Una vez Trump consiguió esa lealtad, con una mezcla de mensajes populistas, humor e incorrección política bañada de xenofobia, pasó de ser un candidato republicano a un jefe tribal. Un agitador capaz de partirle las piernas al Partido Republicano y quedarse él con las riendas: con el control de las bases.

En el año 2000, o en 2008, o en 1976, su estrategia probablemente no habría funcionado. Pero en 2016 el país estaba maduro: el pueblo americano había empezado a tramitar el divorcio. Trump solo tenía que acelerar el proceso.

Entre sus muchas técnicas de polarización, ha primado la de dar a elegir entre dicotomías cada vez más extremas.

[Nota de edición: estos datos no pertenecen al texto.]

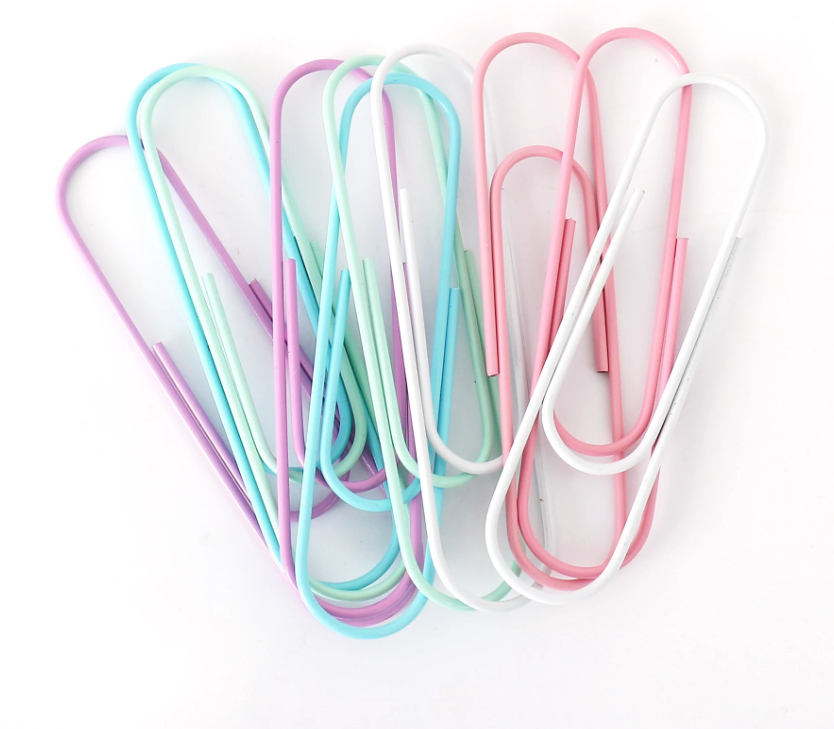 75mm/100mm random color big size paper clips 10pcs/lot: WHITE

Cuando tenía oportunidad, Trump presentaba al país una situación maniquea y lo forzaba a elegir bando. 

Así, uno puede no estar totalmente de acuerdo en que hincar la rodilla en un partido de fútbol americano, como hizo Colin Kaepernick mientras sonaba el himno, en protesta por los casos de brutalidad policial, sea algo terrible y antipatriota. Pero, si hay que elegir entre Trump y los manipuladores mediáticos que ven racismo hasta en la sopa de fideos, un conservador elige a Trump.

Uno puede saber que, evidentemente, no todos los inmigrantes indocumentados que cruzan la frontera son unos criminales, pero, si hay que elegir entre las medidas estrictas de Trump y las políticas complicadas y blanditas de los demócratas, un conservador elige a Trump.

La técnica chamánica más astuta de esta tribalización es que, el otro lado del espectro, la izquierda político-mediática participa en la espiral: se lanza de cabeza. La lealtad conservadora a Trump es directamente proporcional al profundo asco que le tienen los progresistas, a la obsesión, a los editoriales y ataques constantes, muchas veces plagados de sesgos e imprecisiones.

Estas dos fuerzas opuestas se enzarzaron en un baile de locura, girando cada vez más rápido, como una peonza de amor y de odio, de lealtad y traición, que ha ido deshaciendo los tejidos sociales e institucionales de Estados Unidos. 

La mentira del supuesto fraude electoral de 2020, que empezó a diseminar meses antes de los comicios, ha sido la última y más importante falsa dicotomía que Trump ha presentado al electorado. Una buena porción del país, pese a las abundantes pruebas en contra, se creyó el bulo, y una porción de esa porción acabó corriendo como una jauría por los pasillos del Capitolio. Un año después, las opiniones se mantienen intactas, petrificadas en algún lugar profundo del subconsciente.

El tercer veneno es el más fundamental: Donald Trump ve el mundo como una guerra sin cuartel, una agonía donde las supuestas líneas rojas del honor, la transparencia o la veracidad solo son tretas que se han inventado los débiles para dominar a los fuertes. 

En semejante escenario, donde los caníbales se devoran los unos a los otros en la lucha por el poder, solo existe la táctica de la tierra quemada: elogiar hasta el infinito a aquellos que te sean adictos y calumniar hasta los infiernos a los que no; moldear la percepción de la realidad con 30.000 mentiras en cuatro años, agotar las defensas psíquicas de la audiencia, denigrar al sistema para convertirse en la única alternativa y alentar un ataque contra las instituciones que certificaron tu derrota.

Ahora Trump está como en el exilio; ya no goza de cuenta de Twitter, ni abre los informativos, ni despierta el interés histérico de los últimos años. Pero quizás no le haga falta. Su trabajo ya está hecho. La lealtad está labrada, la insidia ha echado raíces. Mientras, cultiva una maquinaria electoral millonaria, sigue siendo el republicano más popular del país y mueve sus fichas, posiblemente, de cara a 2024.